All types of flour – quinoa, amaranth, capia corn, wheat, barley, broad bean, and pea –, wild fruits – such as physalis and chaquilulos (macleania rupestris) – motilon wine (motilon is a type of fruit from the hieronyma macrocarpa plant), trout, guinea pig, smoked creole hen, pork and ribs in motilon sauce and lapingachos – a delicacy made from Andean potato – are just a few of the ingredients Criollo will be working with to tell us about ancestral diversity.  

So, how does he imprint his Quillasinga view of the world into his cooking? He grows native seeds, fosters nature by preserving the environment and plants native trees (in the last twenty years, about four million trees – adapted and indigenous – have been planted in the chagra). He has also implemented sylvopastoral systems, in the spirit of the Andean “multiple nurturing” approach that lets the land rest so that it continues to be fertile and productive. 

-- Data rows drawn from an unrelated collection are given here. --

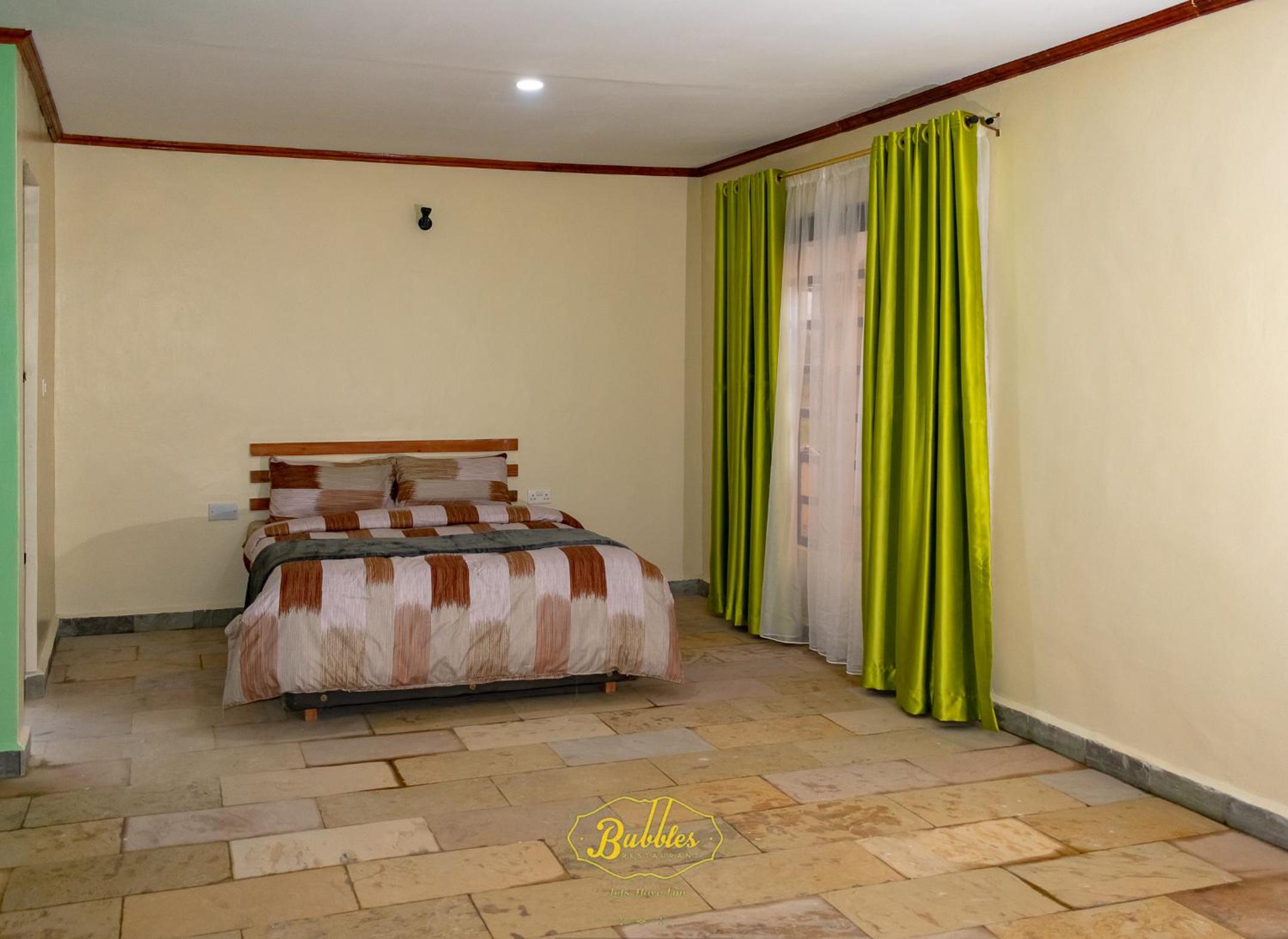 Standard Double Room - Photo 9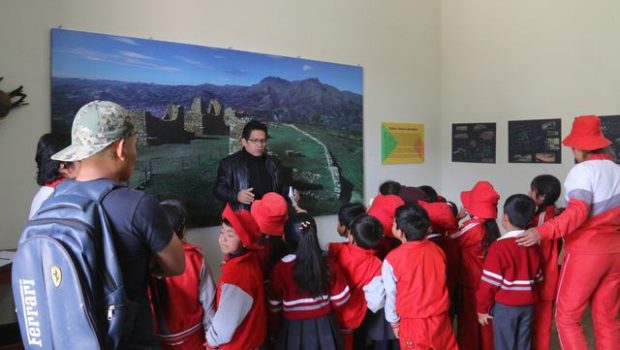 Servidores de la unidad ejecutora desarrollando un recorrido dentro de la sala de exposición. 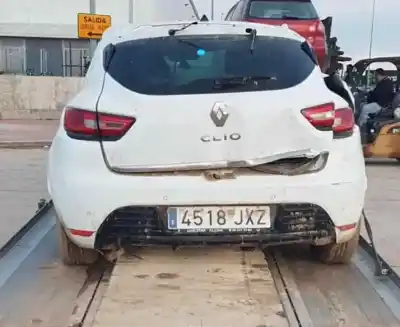 Verschrottungsfahrzeug RENAULT CLIO IV (BH_)  des Jahres 2017 angetrieben D4F740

“My cooking is my view of the world and my view of the world is my cooking. My work at Naturalia revolves around solidarity and relies on memory, water nurturing, seed recovery and our women and men’s know-how, the things that help us revive the culture of traditional cuisines and gradually dignify rural labour”. 

Madrid Fusión 2021 centres on the need to move towards a more sustainable gastronomy committed to the environment and society. A gastronomy built around the logic of circular economy. And no one is more sustainable than a Quillasinga.